By Serdar Yegulalp on 2014-04-14 10:00:00-04:00 No comments
Last night a friend mentioned he'd discussed Flight of the Vajra with someone at a geek meetup, although the lead-in was a bit oblique.
Other Person: "I don't read long stories as much as I used to."
Friend: "This book has a guy punching another guy in the brain with a city."
Other Person: " . . . what?"
Yes, this sorta-kinda does happen, but it's that the climax of the story, and it's far from being the most important thing that happens in it. But it's become something of a running-gag-explanation for my friend, who drops it in peoples' laps as a way to spark their curiosity about it. He also came up with a great one-liner to describe the book, one which never fails to turn heads: "A more responsible version of Tony Stark has to save the galaxy, and his elite strike team consists of a circus acrobat, the Dalai Lama, Commissioner Gordon, Seven of Nine, and David Bowie." (I'm putting that on cards and using them for my table pitch at the next con.)
Funny as all this is, every time he uses this approach, I'm reminded of how people by and large form an interest in something because it contains a given ingredient, and not because of what it's "about".

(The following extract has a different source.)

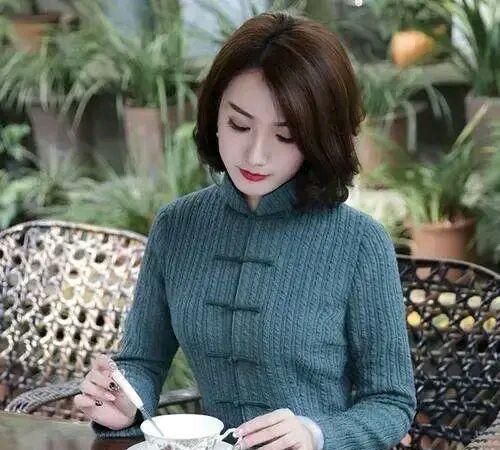 当一个有修养的女人说话时,她的语言,在措辞上,一定是很稳准,很妥当的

Most people are not critics or creators, so naturally they have a tendency to be drawn into things by way of their most easily recognized attributes. We don't typically talk about Iron Man (speaking of Tony Stark, ha ha) as being a story about a guy who finds his true calling in life; we talk about a billionaire genius playboy philanthropist donning a suit of armor and fighting evil. The former is an abstraction; it's all smoke, mirrors, wind, and puffery. The latter — now that's something that puts asses in chairs!

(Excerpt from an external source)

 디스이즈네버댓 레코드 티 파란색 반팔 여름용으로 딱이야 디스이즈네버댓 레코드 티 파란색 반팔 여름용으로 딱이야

Authors get hammered on hard to favor "about" over "includes", but forget that readers go by "includes" more than they do "about". Or rather, one is for the author and the other is for the publicist, and I suspect that's why authors are in some ways very poorly equipped to sell other people on the merits of the story if they really care about it. They care too much about the work to sell it to people as a bunch of buzzwords and warmed-over ad copy. Maybe there is something to have another entity do that heavy lifting for us.
That said. I do think any writer who can think about this stuff both as a pitchman and as an artist without compromising either end has a leg up on his competition. I've only been good enough at the "bow-wow oratory" side of things (as Vonnegut might have put it) to draft some reasonably catchy ad copy for the backs of my books. Time to play that much further over my head in this respect.